Thursday, September 19, 2024

Boot Hill Introduction (Part III)

The introduction to Boot Hill continues. 

A campaign could be run with as few as 4 players and a referee, although a referee is not strictly necessary in smaller games, since players as a group can decide any questionable situations and together can put a check on any actions which tend to disrupt the smooth flow of a game (shooting anything which moves, for instance, quickly brings the wrath of the other players and the law down upon the head of the offender). 

Once again, we see the distinction between a "game" and a "campaign." Equally interesting in my opinion is the suggestion that the players can not only handle certain aspects of play themselves without the need for a referee, but they can also be self-regulating in the sense of preventing one another from going against the spirit of the game. Nevertheless –

A referee is always preferable in any size campaign, and is a must for larger undertakings (which could easily encompass as many as 20 different roles). When the referee moderates the action, there is a secrecy aspect which the platers can work to advantage and which can greatly add to the interest of the campaign. Thus, the referee can relate information individually to each player depending upon the actions and position of his own character, and each character will have his own outlook on the game situation, since there will often be developments "behind the scenes" which will not be common knowledge to all. Likewise, secret plans can be made and related to the referee without the other players knowing of what transpires.
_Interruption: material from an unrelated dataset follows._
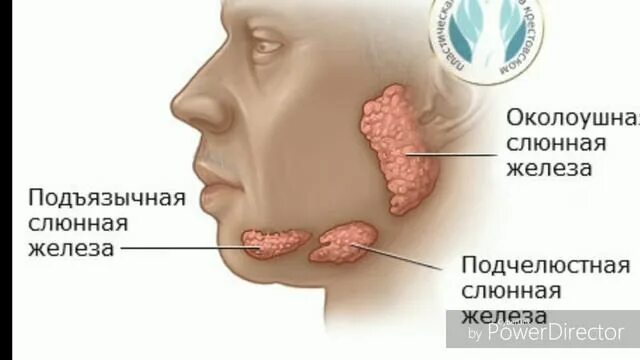 Рак слюнных желез симптомы фото Подчелюстная слюнная железа. Терапевтическая стоматология. Вопросы на экзаменах.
I've talked before about the need for large groups of players in our RPG campaigns, so I'm pleased to see that Boot Hill is yet another game that explicitly supports this kind of play. The discussion of secrecy is good, too. In my youth, I ran a short Top Secret campaign in which each of the three players was working for a different agency and all of them were tasked with adversarial goals. I also did something similar in my youthful Gangbusters campaign and that worked pretty well.

In a campaign situation, each player character will have his own identity and abilities (these are determined by dice rolling, with a slight advantage to allow player characters to be above the norm). If this character is killed, the player will have to take on another persona in the campaign (sometimes starting "from scratch" again in a similar character, or in a position which is completely unrelated to the former).
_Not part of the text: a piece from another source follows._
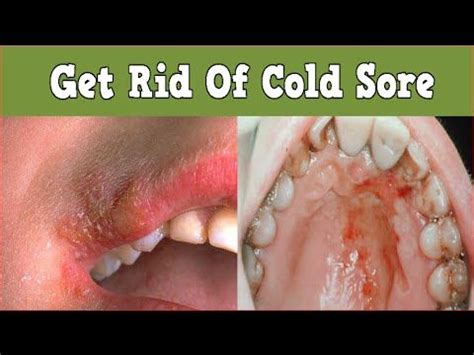 Get Rid Of Cold Sore, What Is A Cold Sore, Cold Sores On Tongue, Lip Cold Sore, Cold Sore Tongue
The idea that a player character should have "a slight advantage" so that he is "above the norm" is notable. Many post-D&D TSR roleplaying games included ability score generation schemes that were skewed in player character's favor. 

Note, however, that in a large game, a player could conceivably take on the role of two different characters if carefully arranged and monitored by the referee. In such an instance, the two roles would have to be completely independent and not subject to conflict or possible cooperation. For instance, a player could have one role as a major rancher who is seeking to expand his holdings and another character who is an outlaw specializing in stagecoach robberies. Obviously, these two characters would have little cause to cooperate or conflict with each other, so such an arrangement would provide two characters for the campaign (assuming the referee was agreeable) rather than only one. 
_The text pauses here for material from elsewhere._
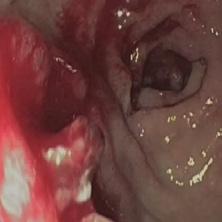 Gastritis Desgarros de Mallory-Weiss Esofagitis Neoplasias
When I started playing RPGs, it was a widely accepted truth that no player should play more than one character in a session. However, most players had more than one character in the campaign and would often swap between them, based on interest and the context of the scenario on offer. That approach seems very similar to what's been suggested here.

Campaigns can be as small or as expansive as desired, centering on a single town or a large geographical area. Preparation can be minimal or as extensive as desired. While it is possible to structure rigid scenarios, free-form play will usually be more interesting and challenging. It is easy to set up a town, give a few background details, and allow the participants free rein thereafter. In no time at all lawmen will arrest troublemakers, gunfights will take place, and Wells Fargo will lose yet another payroll to masked outlaws. This game isn't named BOOT HILL without reason!

He makes it sound so easy!  

Fortunately, there's an entire section of the rulebook dedicated to the creation and running of a Boot Hill campaign. I'll be taking a closer look at it in another series of upcoming posts.

8 comments:

  1. In my long ago youth, I had a fair amount of success running a Boot Hill campaign over lunch hours in Grade 9 and 10 at school. The dastardly dude Dubious Dubois proved an ongoing antagonist for my players, appearing at in opportune moments to be the sand in the gears of whatever plot they were scheming.
    I recall much use of dynamite, buffalo rifles being used from barns, and sawed-off shotguns fired through windows more than any quick-draw showdowns. My players quickly learned that shooting other people was far better than getting shot at.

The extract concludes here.